The maximum size of a ConfigMap or Secret is 1MB.
Managing ConfigMaps and Secrets#
The usual create
, delete
, get
and decscribe
commands work.
Listing#
kubectl get secrets
kubectl get configmaps
$ kubectl describe cm my-config
Name: my-config
Namespace: default
Labels: <none>
Annotations: <none>
Data
====
another-param:
----
another-value
extra-param:
----
extra-value
my-config.txt:
----
parameter1 = value1
parameter2 = value2
Events: <none>
You can view raw data with:
$ kubectl get cm my-config -o yaml
apiVersion: v1
data:
another-param: another-value
extra-param: extra-value
my-config.txt: |
parameter1 = value1
parameter2 = value2
kind: ConfigMap
metadata:
creationTimestamp: "2019-12-18T08:55:40Z"
name: my-config
namespace: default
resourceVersion: "410659"
selfLink: /api/v1/namespaces/default/configmaps/my-config
uid: a21d5265-e699-40a6-b351-0d18945a0bef
or get a secret with:
kubectl get secret kuard-tls -o yaml
Creating#
kubectl create secret generic
or
kubectl create configmap
with:
--from-file=<filename>
--from-file=<key>=<filename>
--from-file=<directory>
--from-literal=<key>=<value>
Updating#
Update from file#
Just update the ConfigMap or secret and run:
kubectl replace -f <filename>
or
kubectl apply -f <filename>
Oftentimes the manifests are checked into source control
It is a bad idea to check secret yaml files into source control
Recreate and Update#
If you store the inputs as seperate files on the disk you can use:
kubectl create secret generic kuard-tls \
--from-file=kuard.crt --from-file=kuard.key \
--dry-run -o yaml | kubectl replace -f -
Here to tell kubectl to just dump the yaml
it would send to the API server and pipe that to kubectl replace ...
Edit Current Version#
kubectl edit configmap my-config
Live Updates#
When a configmap or secret is updated via API, it is automatically pushed to the volumes.

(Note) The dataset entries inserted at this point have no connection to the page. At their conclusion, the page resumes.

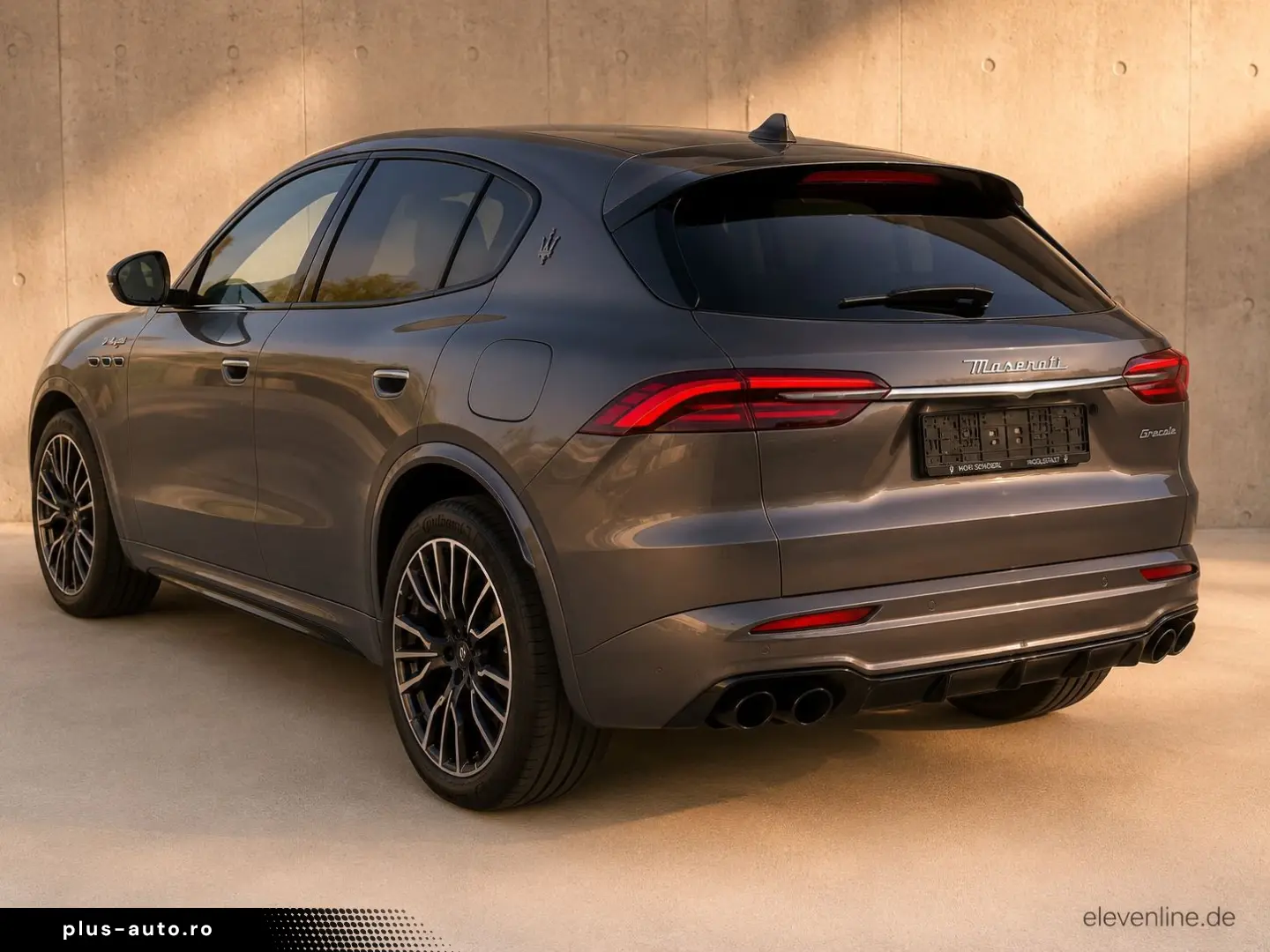 MASERATI Grecale 2.0 MHEV Modena Auto 4WD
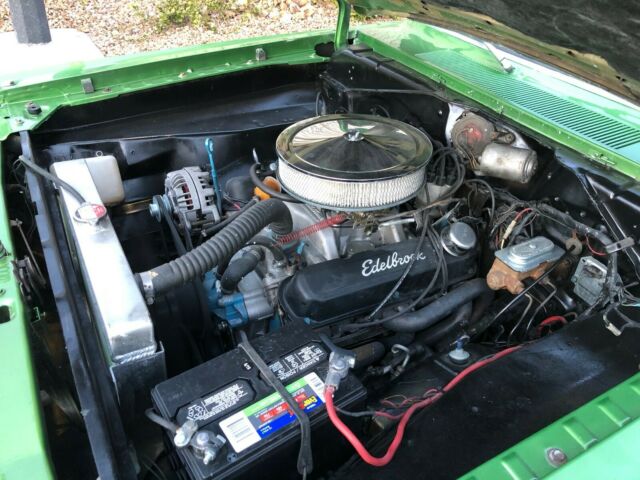 Plymouth Valiant 1972 image number 38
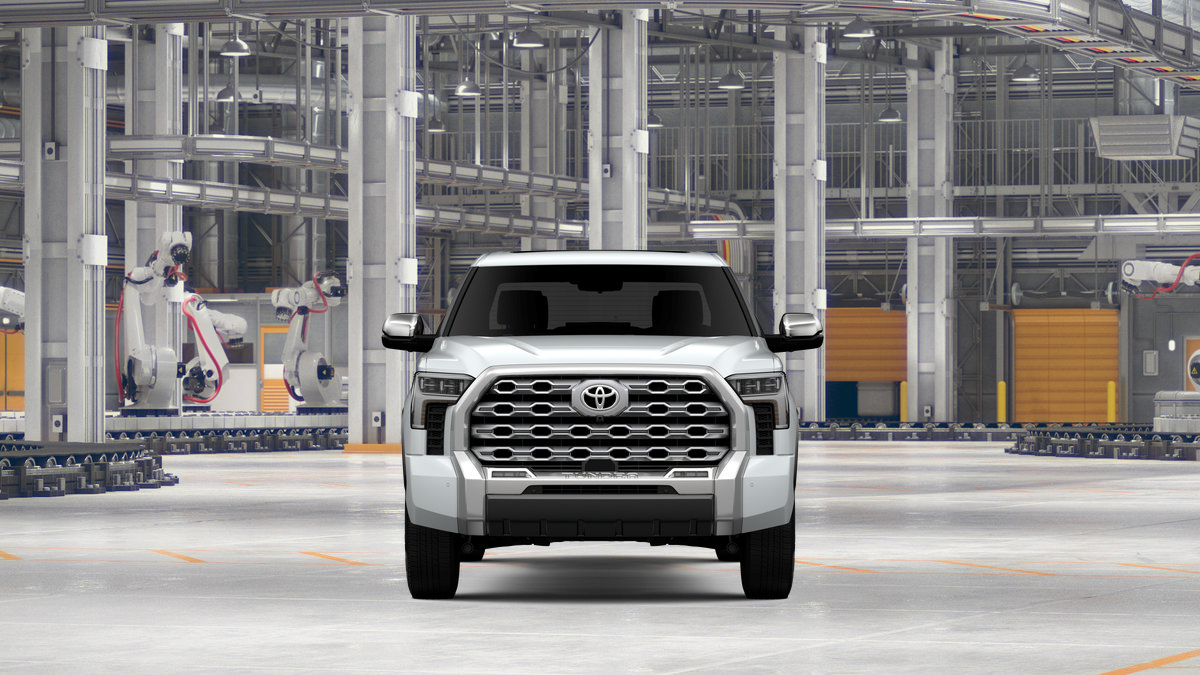 New 2026 Toyota Tundra 1794 Edition AWD/4WD image 2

So you can update the config of applications without restarting them. It is up to the applcation to update to new settings.
14. RBAC (Role Based Access Control) for k8s#
Introduced in version 1.5 and becoming generally available in 1.8.
RBAC restricts access to actions on the kubernetes API. It is critical to hardening access to a k8s cluster, to prevent one person in a namespace taking out a production cluster.
Multitenant security is complex and multifaceted.
In a hostile security environment do not beleive that RBAC by itself is enough to protect you. In this case isolation should be done with a hypervisor.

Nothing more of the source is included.